WHERE: Filtering Rows

WHERE filters rows before any grouping. Every condition is evaluated per row.

sql

-- Basic comparisons
SELECT * FROM orders
WHERE amount > 100
  AND status = 'completed'
  AND created_at >= '2025-01-01';

-- IN: shorthand for multiple OR conditions
SELECT * FROM orders
WHERE status IN ('completed', 'shipped', 'processing');

-- BETWEEN: inclusive on both ends
SELECT * FROM orders
WHERE created_at BETWEEN '2025-01-01' AND '2025-03-31';

-- LIKE: pattern matching (% = any sequence, _ = one character)
SELECT * FROM customers
WHERE email LIKE '%@gmail.com';     -- ends with @gmail.com
WHERE name  LIKE 'Al_ce';           -- Alice, Alyce, etc.

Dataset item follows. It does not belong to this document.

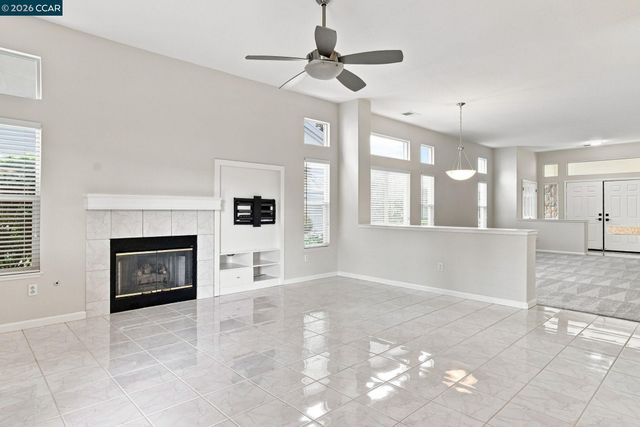 731 Central Park Pl, Brentwood, CA 94513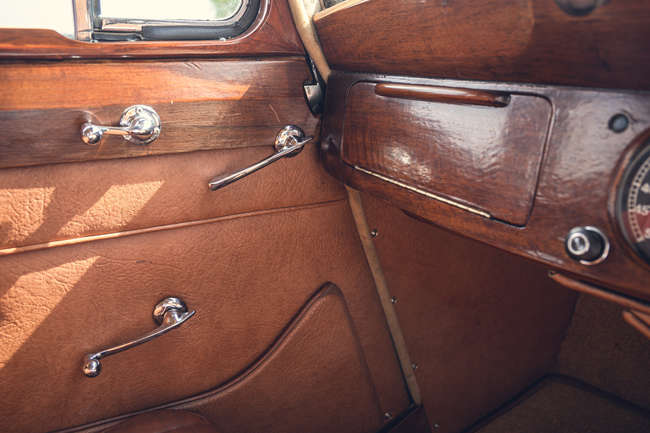 1946 Jaguar Mk IV 2.5-Litre Saloon-Sold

-- IS NULL: never use = NULL, it always returns false
SELECT * FROM orders
WHERE shipped_at IS NULL;           -- orders not yet shipped
WHERE shipped_at IS NOT NULL;       -- orders that have been shipped

-- NOT: negate any condition
SELECT * FROM products
WHERE product_id NOT IN (SELECT product_id FROM discontinued);

The NULL trap: NULL = NULL evaluates to NULL, not TRUE. Always use IS NULL / IS NOT NULL for null checks. Any arithmetic or comparison involving NULL returns NULL — NULL + 1 = NULL, NULL > 0 = NULL.

JOIN: The Heart of Relational Queries

JOIN is where most developers get confused — not because the syntax is complex, but because the mental model of what each JOIN does is unclear. The key: always think of a JOIN as producing a new set of rows by combining two tables based on a condition.

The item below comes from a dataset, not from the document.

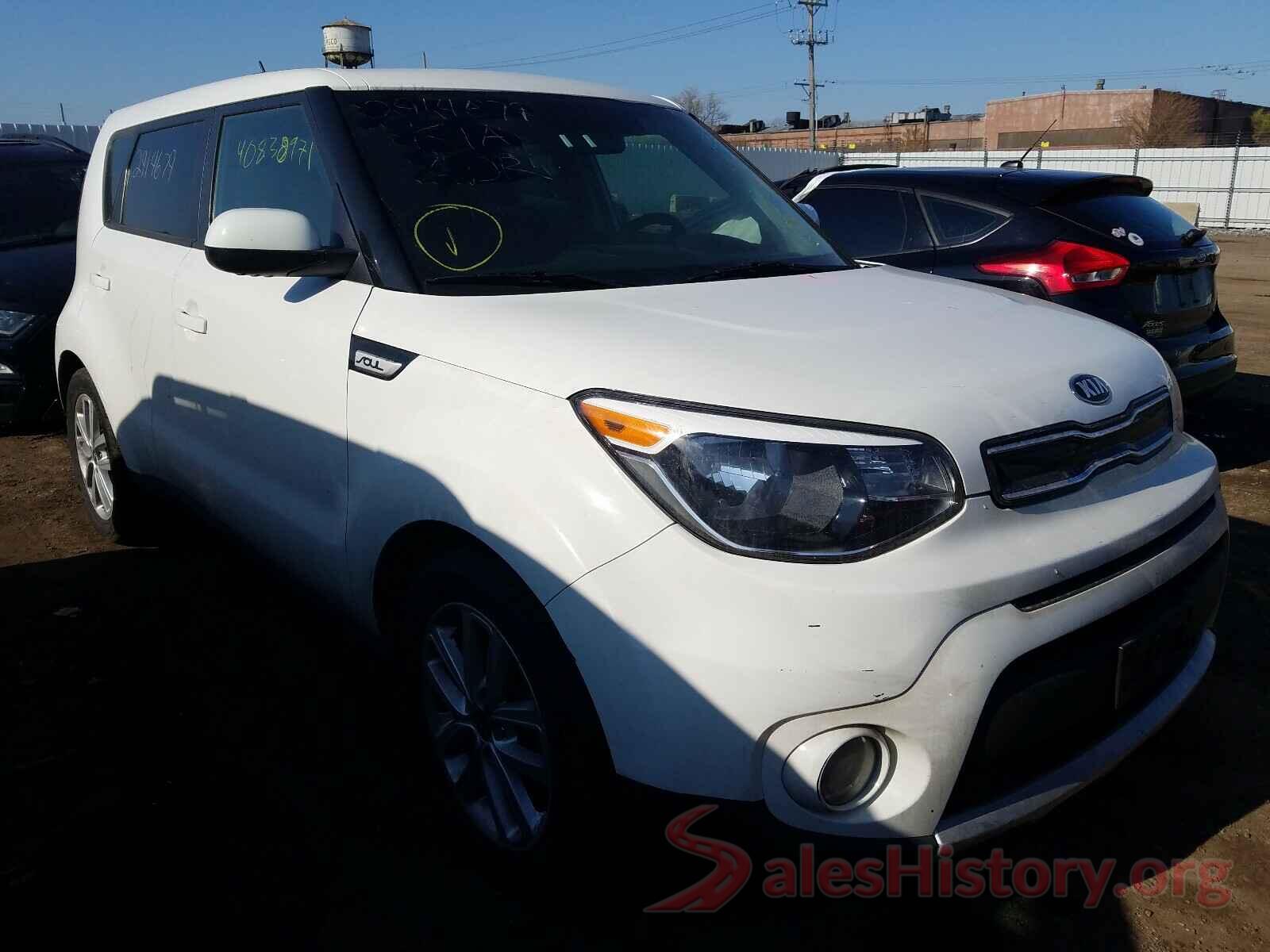 KNDJP3A53J7561815 2018 KIA SOUL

INNER JOIN — Only Matching Rows

Returns rows where the join condition is satisfied in both tables. Non-matching rows are excluded from both sides.

sql

-- Orders with their customer information
-- Customers with no orders: NOT included
-- Orders with no valid customer: NOT included
SELECT
    o.order_id,
    o.amount,
    c.name     AS customer_name,
    c.email
FROM orders o
INNER JOIN customers c ON o.customer_id = c.id;
-- INNER is optional: JOIN alone means INNER JOIN

LEFT JOIN — All Left Rows, Matching Right Rows

Returns all rows from the left table, with matched rows from the right. Non-matching right rows appear as NULL.

sql

-- ALL customers, with their orders if they have any
-- Customers with no orders: included (order columns are NULL)
SELECT
    c.id,
    c.name,
    o.order_id,     -- NULL if customer has no orders
    o.amount        -- NULL if customer has no orders
FROM customers c
LEFT JOIN orders o ON c.id = o.customer_id;

-- Find customers with NO orders (NULL trick)
SELECT c.id, c.name
FROM customers c
LEFT JOIN orders o ON c.id = o.customer_id
WHERE o.order_id IS NULL;   -- only rows where right side is NULL = no match

RIGHT JOIN — All Right Rows, Matching Left Rows

Mirror of LEFT JOIN. Returns all rows from the right table. Rarely used in practice — you can always rewrite a RIGHT JOIN as a LEFT JOIN by swapping the table order. Most style guides prefer LEFT JOIN for consistency.

sql

-- Equivalent queries:
SELECT * FROM a RIGHT JOIN b ON a.id = b.a_id;
SELECT * FROM b LEFT JOIN a ON a.id = b.a_id;  -- same result, preferred style

FULL OUTER JOIN — All Rows from Both Sides

Returns all rows from both tables. Rows with no match on either side appear with NULLs for the other side's columns.

sql

-- All customers AND all orders — match where possible
SELECT
    c.name,
    o.order_id,
    o.amount
FROM customers c
FULL OUTER JOIN orders o ON c.id = o.customer_id;
-- Customers with no orders: name filled, order columns NULL
-- Orders with no valid customer: order columns filled, name NULL

CROSS JOIN — Every Combination

Returns the Cartesian product — every row from the left combined with every row from the right. If left has 100 rows and right has 200 rows, the result has 20,000 rows. Use intentionally and carefully.

sql

-- Generate a grid of all size/color combinations for a product configurator
SELECT
    s.size,
    c.color
FROM sizes s
CROSS JOIN colors c;
-- If sizes has 5 rows and colors has 8, result has 40 rows

SELF JOIN — A Table Joined to Itself

A table joined to itself. Used for hierarchical data (employees and their managers) or comparing rows within the same table.

sql

-- Each employee with their manager's name
SELECT
    e.name        AS employee,
    m.name        AS manager
FROM employees e
LEFT JOIN employees m ON e.manager_id = m.id;
-- CEO has no manager → manager_id is NULL → LEFT JOIN keeps the row, manager name is NULL

JOIN Visual Reference

Table A    Table B

  A ∩ B           → INNER JOIN  (intersection only)
  A ∪ (A ∩ B)     → LEFT JOIN   (all of A + matching B)
  B ∪ (A ∩ B)     → RIGHT JOIN  (all of B + matching A)
  A ∪ B           → FULL JOIN   (everything from both)
  A × B           → CROSS JOIN  (cartesian product)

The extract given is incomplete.